File: strategies_for_solution.rst

package info (click to toggle)
python-pymbar 4.0.3-2
links: PTS, VCS
area: main
in suites: forky, sid, trixie
size: 37,972 kB
sloc: python: 8,566; makefile: 149; perl: 52; sh: 46
file content (218 lines) | stat: -rw-r--r-- 10,487 bytes
.. _strategies_for_solution:

Strategies for solution
#######################

----------------------------------------
Approaches to solving the MBAR equations
----------------------------------------

The multistate reweighting approach to calculate free energies can be
formulated in several ways.  The multistate reweighting equations are
a set of coupled, implicit equations for the free energies of *K*
states, given samples from these *K* states. If one can calculate the
energies of each of the *K* states, for each sample, then one can
solve for the *K* free energies satisfying the equations.
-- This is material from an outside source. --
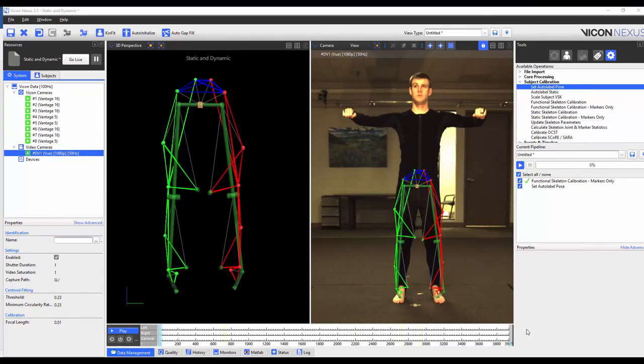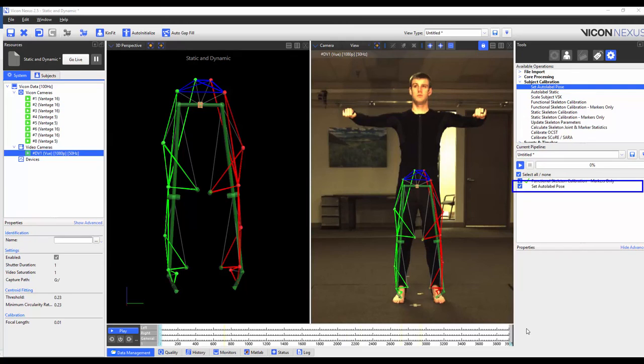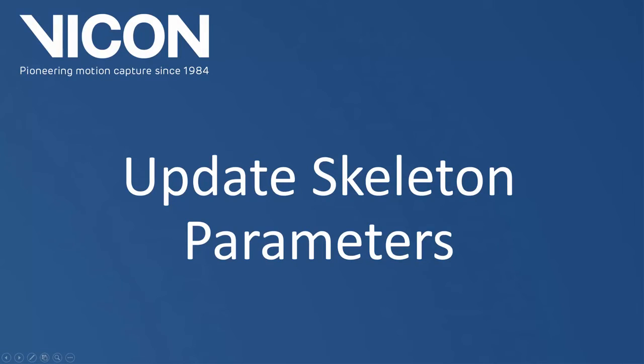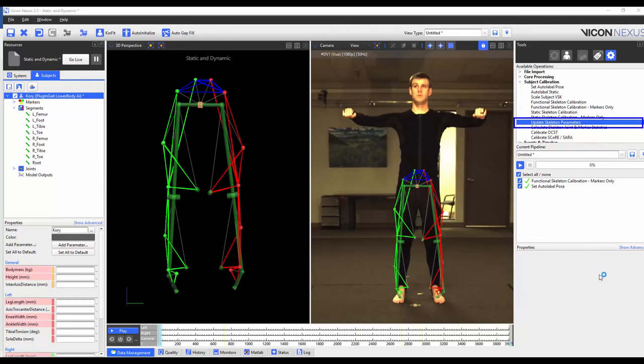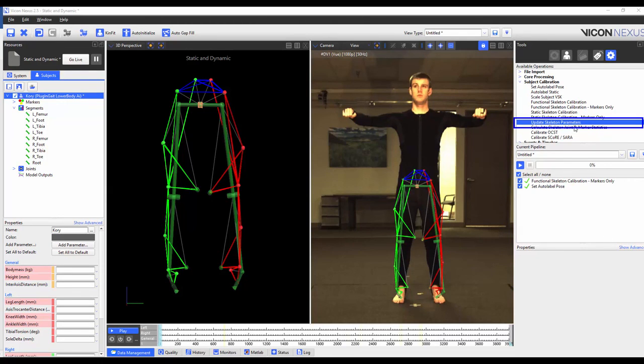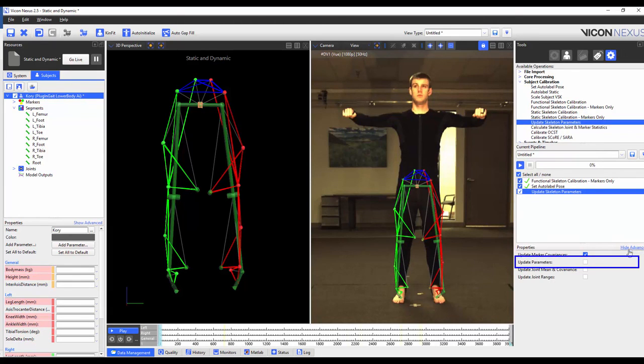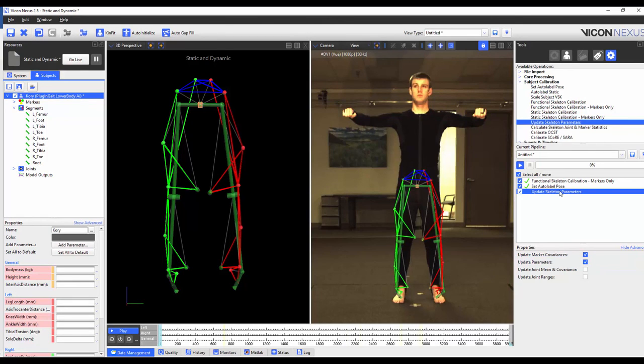We are now going to make sure that we're on a frame where the subject is standing in the base pose. We're then going to execute the set auto label pose pipeline operation so that we can try to use the auto label function for other subjects. Finally, I'm going to load the update skeleton parameters pipeline operation into my current pipeline. I'm going to highlight it, press show advanced, and make sure that update parameters is checked. And then I'm going to execute the operation.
The
solutions are unique only up to an overall constant, which ``pymbar``
removes by setting the first free energy to zero to 0, leaving *K-1*.
free energies.

By rearrangement, this set of self-consistent equations can be written
as simultaneous roots to *K* equations.  This set of roots also turns
out to be the Jacobian of single maximum likelihood function of all
the free energies.  We then can find the MBAR solutions by either
maximization/minimization techiques, or by root finding.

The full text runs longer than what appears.